The myth of the Wendigo – the chimeric Native American cannibal spirit that wanders the woods – has obsessed Fessenden for decades. He even has an academic work on the story being published soon. Here, it becomes an expression of nature as a morally ambivalent force against human selfishness.

Fessenden called it "a very simple, very real story of growing up and seeing your father threatened, and realizing that the world is a volatile place and you have to man up." It was inspired by childhood vacations, where he'd sit in the back of the family Ford Torino on the way to Vermont. "I was thinking about things like, 'Do we all see the same color?' … That slippery reality was always part of my wondering about the world."

The theme of subjective reality is expressed through the unlikely casting of Erik Per Sullivan as the son.

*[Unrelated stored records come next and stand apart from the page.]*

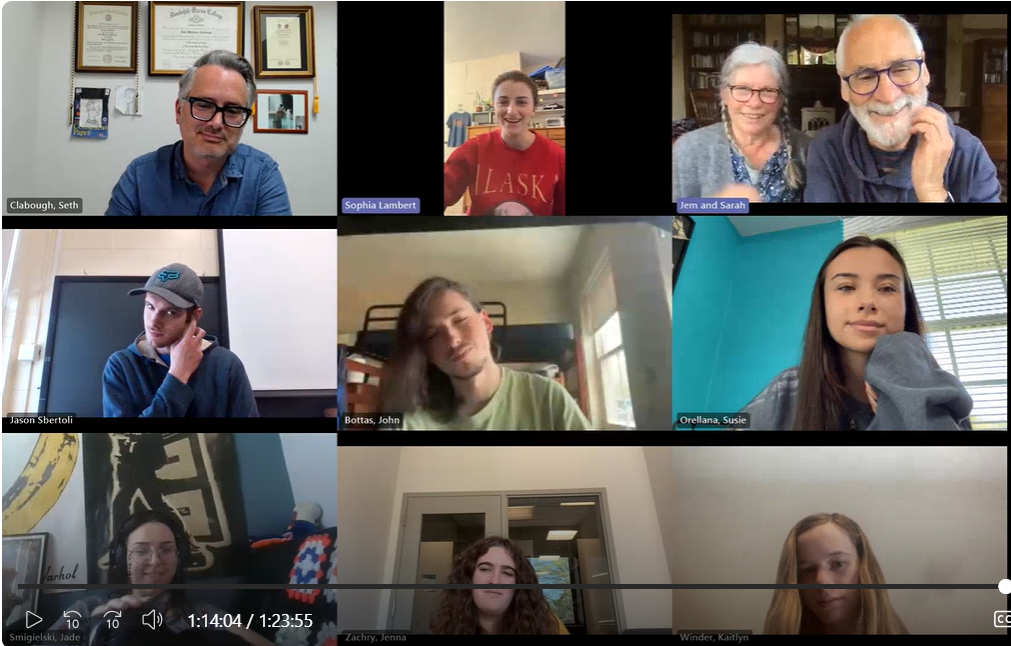 A group of eleven individuals participate in a video call, each shown in separate panels with varied backgrounds.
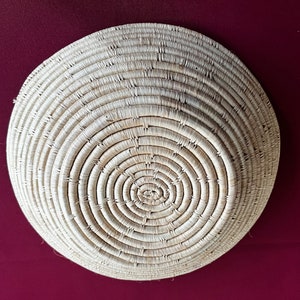 Könnte beinhalten: Ein großer, runder, geflochtener Korb aus natürlichen Materialien. Der Korb ist hellbraun und hat ein kreisförmiges Muster aus geflochtenen Strängen.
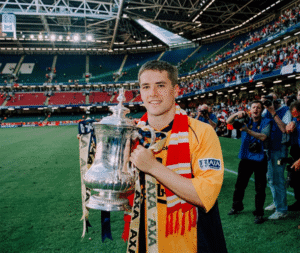 Michael Owen holding the FA cup at Wembley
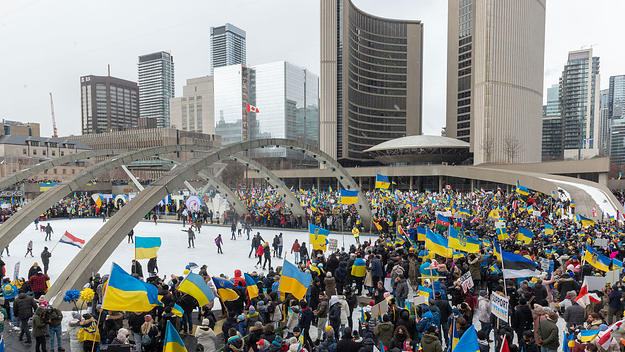 Demonstrators with yellow and blue Ukraine flags and anti-war signs in Downtown Nathan Phillips Square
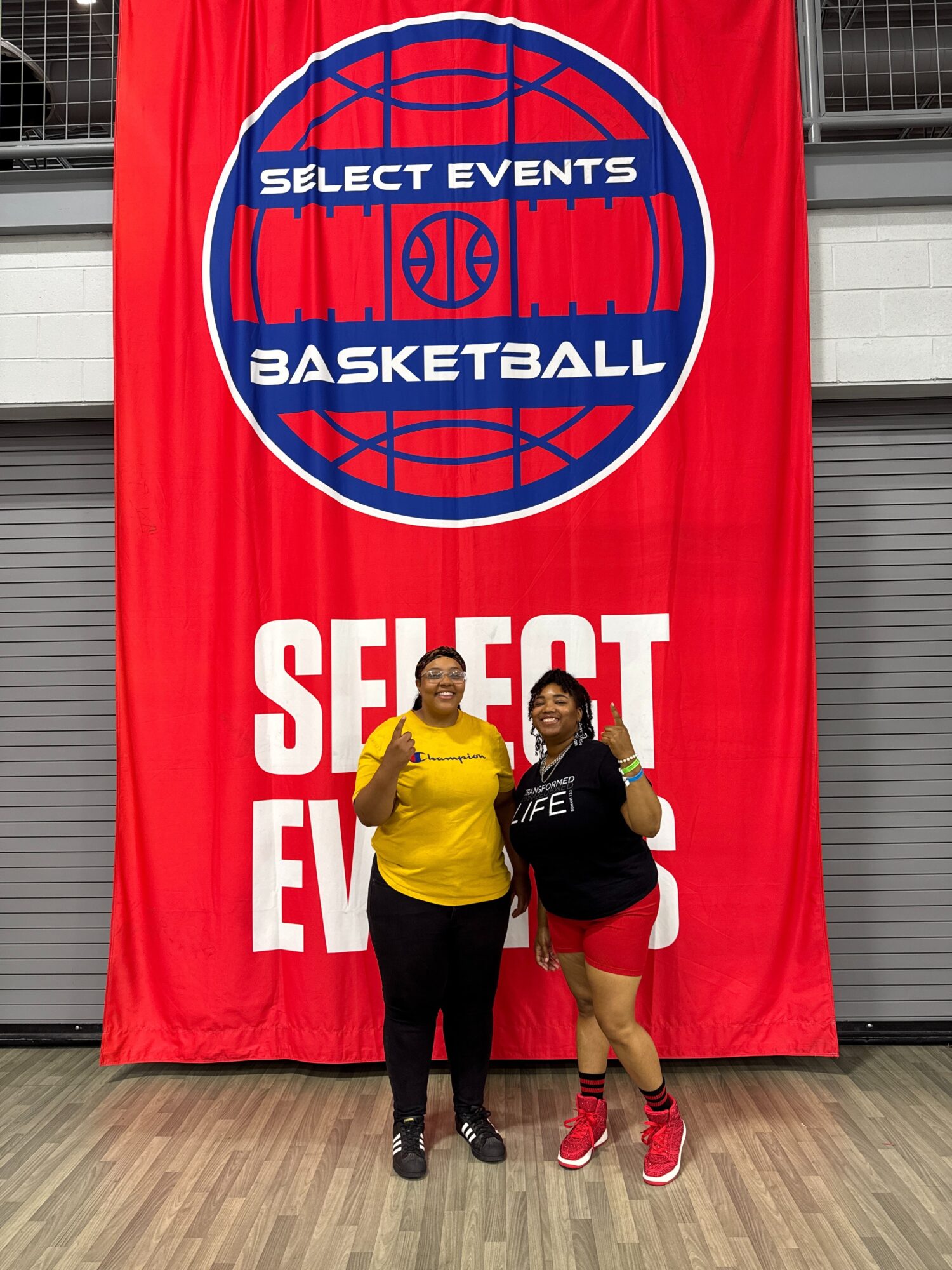 Two women stand in front of a large red banner with a basketball logo and text, smiling and posing indoors.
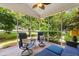 Serene screened porch with cozy seating, perfect for enjoying the outdoor view at 6095 Catalina Dr. # 616, North Myrtle Beach, SC 29582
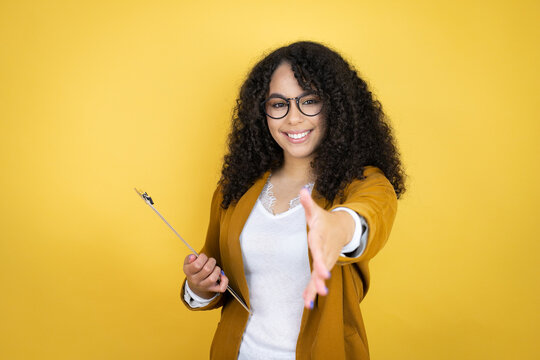 African american business woman with paperwork in hands over yellow background smiling friendly offering handshake as greeting and welcoming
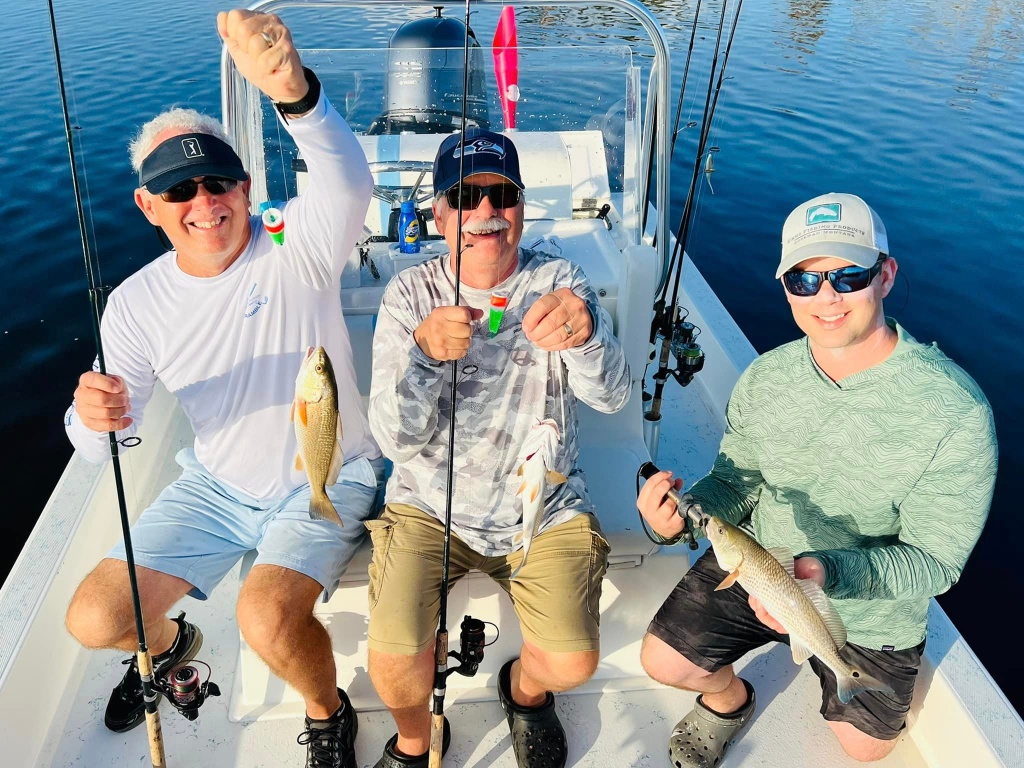 Three people fishing at the Placida location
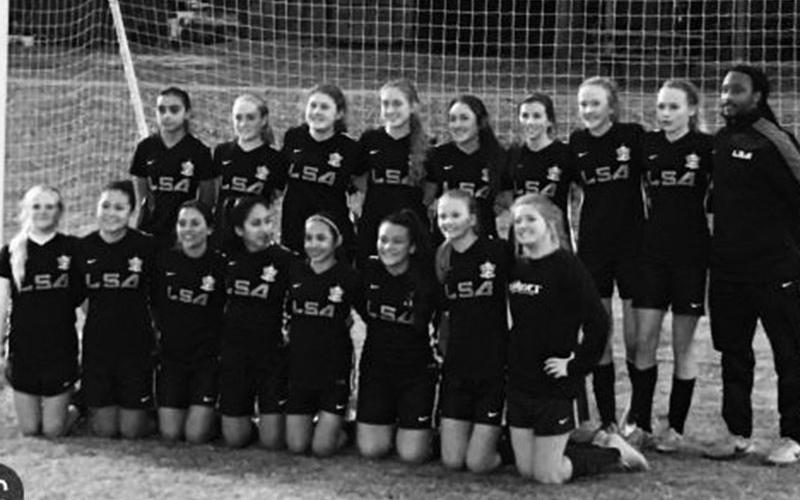 Avram Allen, back left, is pictured with players at Lanier Soccer Association (LSA) in Gainesville, Georgia.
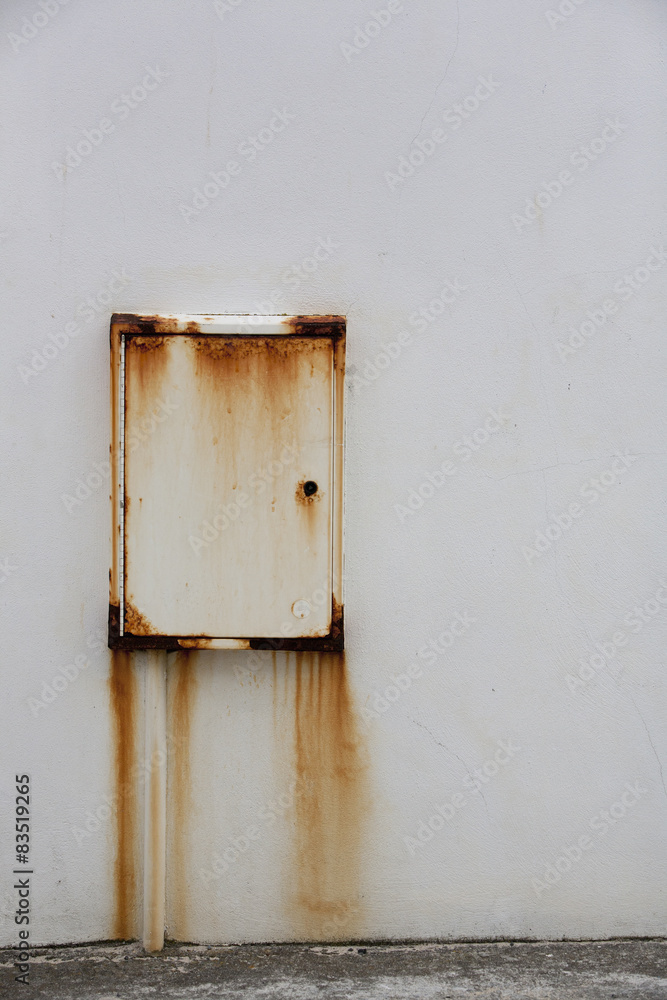 A wall mounted metal box with rust stains down the wall. A wall mounted metal box with rust stains down the wall.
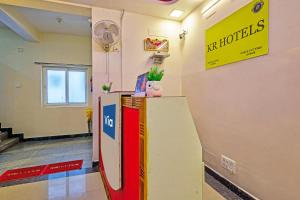 a lobby of a hotel with a sign on the wall at Via KR in Chennai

At that point, he was best known as youngest brother Dewey in Malcolm in the Middle: Here Fessenden saw in him "a slight, weirdly detached quality, that's what I like about my kid. … This was a mood piece, it was barely a story, and you just go deeper and deeper into this dreamlike place."

As the violence mounts, it's hard not to see a kinship to the great treatise on innocence lost, 1985's Come and See. "You just named my favorite movie," Fessenden said. "I was drunk with that film at the time."

While this is arguably Fessenden's most famous film, it was the hardest to get in this box set, due to some complicated rights issues. It's also the film that he has re-edited repeatedly, with even a change for this release. "I just stuck in an extra shot for fun."

Fessenden on The Last Winter (2006)

A team of oil explorers in Alaska are sent to open a new well, but discover the melting permafrost is unleashing more than just trapped methane.

"My crew was a bunch of Vikings."
Larry Fessenden on set in Iceland for The Last Winter. (Image courtesy of Glass Eye Pix)

Just as frustration with the original version of Habit lead to its remake, Fessenden was left with a nagging itch from Wendigo. The climactic final sequence was supposed to be a chase scene on virgin snow, "this amazing white canvas with these spindly little trees with two characters running through it." Of course, the snow melted before he could get that shot.

With the vague idea of scratching that itch, he traveled to Alaska, where the growing and dangerous oil industry informed his script. He said, "It seemed like a perfect metaphor for my normal stuff, global warming, greed, human arrogance."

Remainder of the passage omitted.